My slowly growing tolerance for the fennel family is where these meatballs come in. When I first tried them at Polpo, one of my top London restaurants, I was really reluctant, but my dining partner was eager to sample them. I gave in and I’m really glad I did… they were delicious.
They were so good that I have even tried replicating them at home. While my pork and fennel meatballs are not exactly the same (for one thing I make mine a lot smaller), they’re easy to make and delicious. Just as an aside, I haven’t bought the Polpo cookbook (yet), so these are my own recipe, rather than from the book, but I’m eager to compare them.
My favorite way to eat these is with a slow-cooked tomato sauce and spaghetti, though they’re pretty good as Swedish meatballs, too. One of the best things about meatballs is making a big batch and freezing the leftovers for future quick and easy weeknight dinners.
I’ve tested regular and gluten-free versions, which I’ve included in the recipe below. Next trial: egg-free meatballs.
On the Counter
500 g ground pork
1/2 tsp fennel seeds, lightly crushed
1 small onion (1/2 cup or 75 g), very finely diced or blitzed in the food processor
50 g breadcrumbs or blitzed gluten-free oats
1 clove garlic, finely minced or blitzed
1 tsp salt
What to Do
Combine all ingredients and squish them together until thoroughly combined. Take enough of the mix to make 2.5 cm/1 in diameter meatballs into your hand, and roll them into a ball. (If you’re worried about the meat sticking to you, rub just a drop of vegetable oil onto your hands before rolling.)
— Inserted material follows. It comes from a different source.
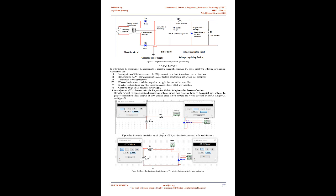Determination of VI characteristics of a Zener diode in both forward and reverse bias conditions. Both the forward voltage-current and reverse bias voltage-current were measured based on the applied input voltage. The proposed simulation circuit diagrams of a Zener diode in both forward and reverse directions are shown in Figures 4A and 4B. Figure 4A shows the circuit diagram of Zener diode connected in forward bias condition. Figure 4B shows the circuit diagram of Zener diode connected in reverse bias condition. Zener diode as voltage regulator: the regulation and percentage regulation of a Zener diode at constant load resistance equals 15K varying input voltage, and at input voltage equals 15V varying load resistances, were determined; the proposed simulation circuit diagram is shown in Figure 5.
Once you’ve rolled all your meatballs, set 4-5 per person aside if you’re using them for pasta or Swedish meatballs with sides. Take the rest and lay them on a flat baking sheet, then cover it tightly with plastic wrap and freeze them overnight. (The next day, you can just throw them into a zip-top bag and back into the freezer.)
There are 2 ways to go forward with meatballs now. You can sear them in a very hot pan with a little oil, turning them so they brown on all sides. The other option, and my preferred, is to lay them all on a baking sheet in 1 layer, and bake them in the oven (200C/390F) for at least 5 minutes per “side” to ensure browning and consistent texture.
Once you’ve browned them, you can try them in Swedish meatballs, or cooked low and slow in a tomato sauce.